I was walking my dog today and noticed that our approach created an incredibly agile retreat on the part of a squirrel. The hypervigilant little bugger hurtled itself up the trunk of a tree and before I could say, “Holy Acrobatics Batman,” it had launched into yet another tree and was leaping across tree tops in Olympic style. Intense.
It got me thinking about squirrels in general.
Their nests… How do they occupy that pile of leaves nestled in the branches? Is there space in there, or do they pile in and warm each other with their furry bodies? It doesn’t look particularly inviting, especially in the snow and wind. Definitely not Five Star and totally without amenities.
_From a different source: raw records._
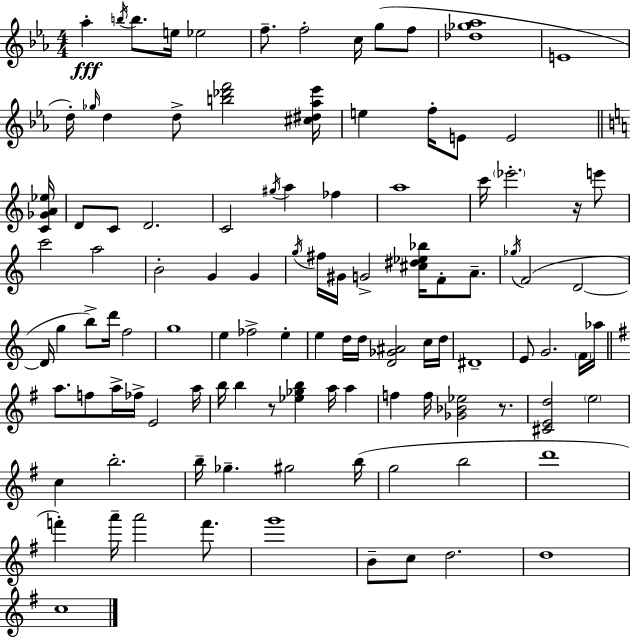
X:1
T:Untitled
M:4/4
L:1/4
K:Cm
_a b/4 b/2 e/4 _e2 f/2 f2 c/4 g/2 f/2 [_d_g_a]4 E4 d/4 _g/4 d d/2 [b_d'f']2 [^c^d_a_e']/4 e f/4 E/2 E2 [C_GA_e]/4 D/2 C/2 D2 C2 ^g/4 a _f a4 c'/4 _e'2 z/4 e'/2 c'2 a2 B2 G G g/4 ^f/4 ^G/4 G2 [^c^d_e_b]/4 F/2 A/2 _g/4 F2 D2 D/4 g b/2 d'/4 f2 g4 e _f2 e e d/4 d/4 [D_G^A]2 c/4 d/4 ^D4 E/2 G2 F/4 _a/4 a/2 f/2 a/4 _f/4 E2 a/4 b/4 b z/2 [_e_gb] a/4 a f f/4 [_G_B_e]2 z/2 [^CEd]2 e2 c b2 b/4 _g ^g2 b/4 g2 b2 d'4 f' a'/4 a'2 f'/2 g'4 B/2 c/2 d2 d4 c4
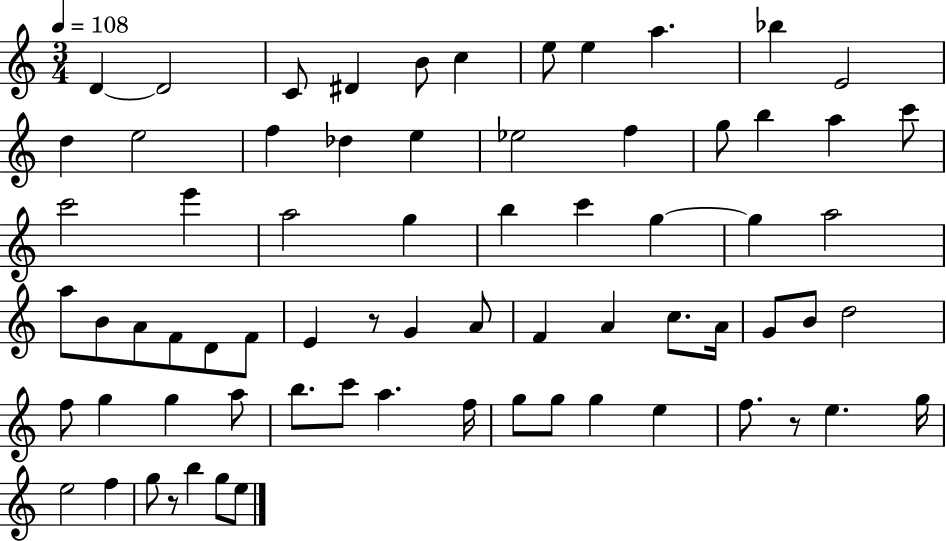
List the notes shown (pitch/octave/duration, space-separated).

D4/q D4/h C4/e D#4/q B4/e C5/q E5/e E5/q A5/q. Bb5/q E4/h D5/q E5/h F5/q Db5/q E5/q Eb5/h F5/q G5/e B5/q A5/q C6/e C6/h E6/q A5/h G5/q B5/q C6/q G5/q G5/q A5/h A5/e B4/e A4/e F4/e D4/e F4/e E4/q R/e G4/q A4/e F4/q A4/q C5/e. A4/s G4/e B4/e D5/h F5/e G5/q G5/q A5/e B5/e. C6/e A5/q. F5/s G5/e G5/e G5/q E5/q F5/e. R/e E5/q. G5/s E5/h F5/q G5/e R/e B5/q G5/e E5/e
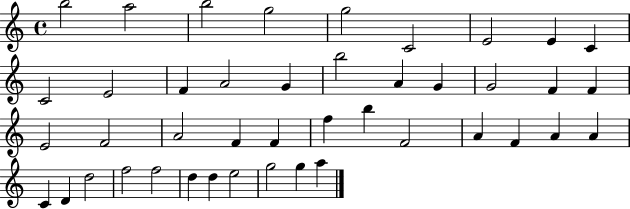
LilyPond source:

{
  \clef treble
  \time 4/4
  \defaultTimeSignature
  \key c \major
  b''2 a''2 | b''2 g''2 | g''2 c'2 | e'2 e'4 c'4 | \break c'2 e'2 | f'4 a'2 g'4 | b''2 a'4 g'4 | g'2 f'4 f'4 | \break e'2 f'2 | a'2 f'4 f'4 | f''4 b''4 f'2 | a'4 f'4 a'4 a'4 | \break c'4 d'4 d''2 | f''2 f''2 | d''4 d''4 e''2 | g''2 g''4 a''4 | \break \bar "|."
}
Their diet… Acorns that are buried for a while are pretty grim culinary fare. Damp acorns, cold acorns, old acorns. Considering the energy squirrels spend launching from tree to tree and the number of calories needed to stay warm, it hardly seems enough to munch on those nasty tidbits.
Their poop… I don’t want to be indelicate, but given the number of squirrels that are running around, doesn’t it surprise you that we aren’t up to our eyebrows in squirrel poop? I don’t know if I’ve ever seen squirrel poop, now that I think about it. Maybe eating nasty acorns doesn’t produce a lot of waste, but there ARE a lot of squirrels out there.
Their demise… Yes, there are occasional squirrels that have been cut down in the prime of life via auto mishaps, but do any die of old age? Are the ones that lose their battles with vehicles the old ones? Do squirrels turn grey as they age? Hmm, they already are grey.
As I write this, I guess I’m understanding why squirrels look so anxious. I’m also figuring that when I’m done with an apple or other fruit, I may put the remains out for those poor creatures. Notwithstanding the commercial with the woman reading a magazine complaining of squirrels in the attic while her son wards off terrorists, I’ll muster some compassion. You?